Die Hausordnung einer WEG: Aber ich bin doch Wohnungseigentümer?!

Alle Infos rund um die Hausordnung für Wohnungsbesitzer und Vermieter einer Wohnungseigentümergemeinschaft.

Mit einer Hausordnung werden verbindliche Regeln für alle Wohnungseigentümer und Mieter festgelegt. Ohne Hausordnung gäbe es mit Sicherheit in vielen Wohnungseigentümergemeinschaften das reinste Chaos.

Wer eine Eigentumswohnung kauft erwirbt Sondereigentum in Form der eigentlichen Wohnung sowie Miteigentumsanteile am Gemeinschaftseigentum. Dies ist immer mit konkreten Rechten (z. B. Nutzung des Sondereigentums) und bestimmten Pflichten (z. B. Zahlung des Hausgeldes) verbunden. Man wird de facto Teil einer Gemeinschaft. Eine Gemeinschaft funktioniert in der Regel nur dann, wenn ein bestimmter Konsens hinsichtlich der erlaubten und unerwünschten Verhaltensweisen gefunden wird. Dies geschieht mit der Hausordnung. Auch als Eigentümer gilt es, angemessene Rücksicht auf andere Miteigentümer sowie mögliche Mieter zu nehmen.
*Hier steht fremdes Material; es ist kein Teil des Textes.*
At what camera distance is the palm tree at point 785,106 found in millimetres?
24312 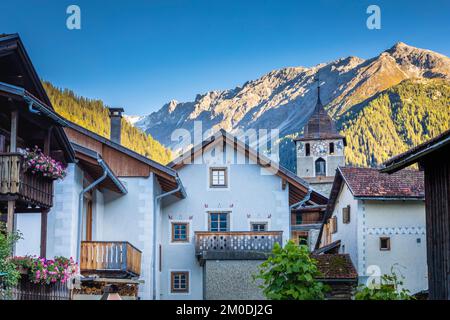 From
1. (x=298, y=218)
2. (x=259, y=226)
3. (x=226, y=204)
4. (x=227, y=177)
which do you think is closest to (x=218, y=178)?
(x=227, y=177)

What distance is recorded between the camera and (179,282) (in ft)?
90.7

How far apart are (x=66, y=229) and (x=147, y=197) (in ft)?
18.2

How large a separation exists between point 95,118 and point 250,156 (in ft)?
17.2

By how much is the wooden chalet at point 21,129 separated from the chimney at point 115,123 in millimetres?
10150

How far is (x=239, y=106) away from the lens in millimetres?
32219

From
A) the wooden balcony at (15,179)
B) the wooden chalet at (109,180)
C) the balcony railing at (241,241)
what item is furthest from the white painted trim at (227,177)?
the wooden balcony at (15,179)

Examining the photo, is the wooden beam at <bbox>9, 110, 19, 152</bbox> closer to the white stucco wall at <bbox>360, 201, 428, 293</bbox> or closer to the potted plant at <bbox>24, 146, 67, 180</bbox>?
the potted plant at <bbox>24, 146, 67, 180</bbox>

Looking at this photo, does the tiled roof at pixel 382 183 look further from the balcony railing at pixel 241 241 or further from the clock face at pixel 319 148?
the clock face at pixel 319 148

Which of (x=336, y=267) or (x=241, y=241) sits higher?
(x=241, y=241)

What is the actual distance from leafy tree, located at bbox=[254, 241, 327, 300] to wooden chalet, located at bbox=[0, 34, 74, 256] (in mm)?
4844

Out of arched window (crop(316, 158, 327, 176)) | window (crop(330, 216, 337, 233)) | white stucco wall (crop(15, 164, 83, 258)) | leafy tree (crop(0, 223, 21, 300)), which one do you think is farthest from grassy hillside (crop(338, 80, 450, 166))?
leafy tree (crop(0, 223, 21, 300))

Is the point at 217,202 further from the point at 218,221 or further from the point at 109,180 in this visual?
the point at 109,180

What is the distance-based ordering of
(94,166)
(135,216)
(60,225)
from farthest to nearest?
(135,216), (94,166), (60,225) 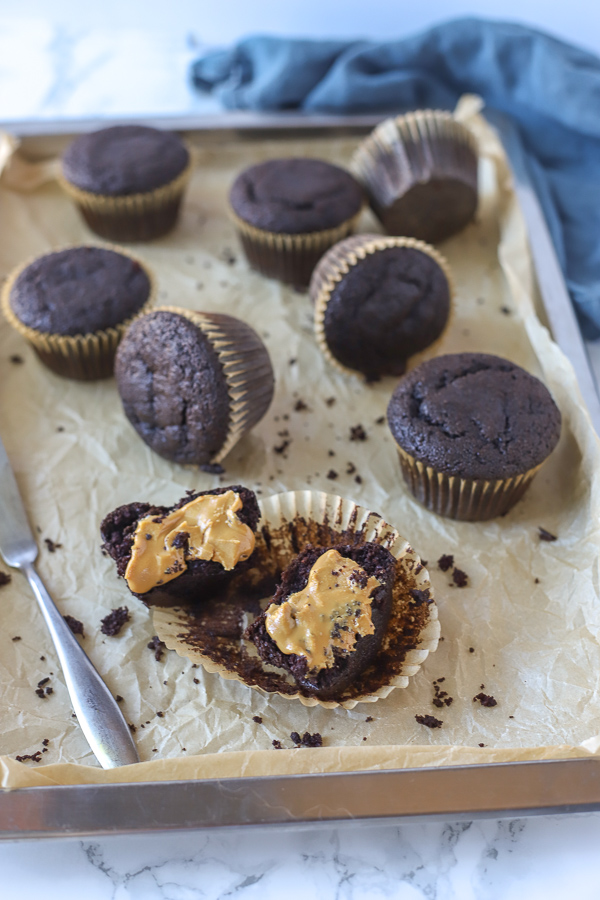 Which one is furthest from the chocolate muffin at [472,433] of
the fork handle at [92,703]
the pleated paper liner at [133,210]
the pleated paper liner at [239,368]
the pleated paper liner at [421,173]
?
the pleated paper liner at [133,210]

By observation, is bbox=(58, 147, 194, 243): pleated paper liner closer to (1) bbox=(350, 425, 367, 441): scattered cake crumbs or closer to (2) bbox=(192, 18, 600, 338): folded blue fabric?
(2) bbox=(192, 18, 600, 338): folded blue fabric

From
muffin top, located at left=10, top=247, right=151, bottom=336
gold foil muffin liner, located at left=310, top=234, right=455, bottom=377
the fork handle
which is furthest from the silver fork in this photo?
gold foil muffin liner, located at left=310, top=234, right=455, bottom=377

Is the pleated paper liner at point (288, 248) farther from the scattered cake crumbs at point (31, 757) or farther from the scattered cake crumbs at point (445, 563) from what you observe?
the scattered cake crumbs at point (31, 757)

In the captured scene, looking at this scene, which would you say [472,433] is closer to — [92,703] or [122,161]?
[92,703]

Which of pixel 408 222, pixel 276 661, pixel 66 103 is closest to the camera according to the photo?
pixel 276 661

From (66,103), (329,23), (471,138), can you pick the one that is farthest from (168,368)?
(329,23)

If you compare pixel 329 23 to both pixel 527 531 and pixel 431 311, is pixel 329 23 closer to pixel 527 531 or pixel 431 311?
pixel 431 311

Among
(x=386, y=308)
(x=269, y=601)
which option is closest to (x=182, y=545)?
(x=269, y=601) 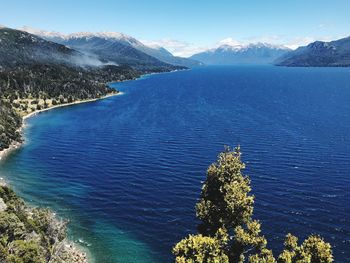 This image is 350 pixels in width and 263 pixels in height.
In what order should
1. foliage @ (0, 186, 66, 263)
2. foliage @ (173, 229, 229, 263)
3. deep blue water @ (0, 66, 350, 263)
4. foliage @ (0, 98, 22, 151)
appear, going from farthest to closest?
foliage @ (0, 98, 22, 151) → deep blue water @ (0, 66, 350, 263) → foliage @ (0, 186, 66, 263) → foliage @ (173, 229, 229, 263)

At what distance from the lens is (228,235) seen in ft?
205

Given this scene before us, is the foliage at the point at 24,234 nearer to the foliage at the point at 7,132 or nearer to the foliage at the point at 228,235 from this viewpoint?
the foliage at the point at 228,235

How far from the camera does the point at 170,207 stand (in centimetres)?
10156

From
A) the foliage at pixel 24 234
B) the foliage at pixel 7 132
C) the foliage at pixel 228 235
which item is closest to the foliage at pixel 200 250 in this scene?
the foliage at pixel 228 235

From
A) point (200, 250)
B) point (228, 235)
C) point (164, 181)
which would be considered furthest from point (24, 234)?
point (164, 181)

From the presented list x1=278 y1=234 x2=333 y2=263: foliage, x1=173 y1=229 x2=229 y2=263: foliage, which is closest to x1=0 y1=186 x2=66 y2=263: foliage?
x1=173 y1=229 x2=229 y2=263: foliage

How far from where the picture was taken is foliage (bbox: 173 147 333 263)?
53188 mm

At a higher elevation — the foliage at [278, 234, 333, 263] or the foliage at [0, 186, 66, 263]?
the foliage at [278, 234, 333, 263]

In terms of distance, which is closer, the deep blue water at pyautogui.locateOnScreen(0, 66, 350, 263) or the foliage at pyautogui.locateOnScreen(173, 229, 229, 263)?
the foliage at pyautogui.locateOnScreen(173, 229, 229, 263)

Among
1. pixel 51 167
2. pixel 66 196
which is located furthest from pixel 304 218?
pixel 51 167

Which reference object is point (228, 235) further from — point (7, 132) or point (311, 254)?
point (7, 132)

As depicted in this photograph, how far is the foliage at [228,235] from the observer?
53.2 metres

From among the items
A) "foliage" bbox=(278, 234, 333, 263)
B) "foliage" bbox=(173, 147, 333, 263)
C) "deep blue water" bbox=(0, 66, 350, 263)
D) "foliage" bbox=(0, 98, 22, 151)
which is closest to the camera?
"foliage" bbox=(278, 234, 333, 263)

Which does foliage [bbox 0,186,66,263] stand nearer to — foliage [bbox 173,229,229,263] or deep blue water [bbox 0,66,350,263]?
deep blue water [bbox 0,66,350,263] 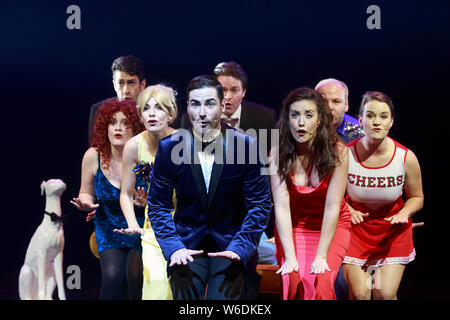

Eine WEG würde schlichtweg nicht funktionieren, wenn einzelne Eigentümer sich „Kraft eigener Arroganz“ Sonderrechte herausnehmen würden, die man als rücksichtslos bezeichnen würde. Würde in einer WEG etwa Frieden herrschen, wenn ein Eigentümer um drei Uhr morgens regelmäßig die Technomusik aufdrehen würde, während ein anderer Miteigentümer sein Brennholz in der Waschküche lagert, weil er keinen Platz mehr im zugeordneten Kellerraum hat?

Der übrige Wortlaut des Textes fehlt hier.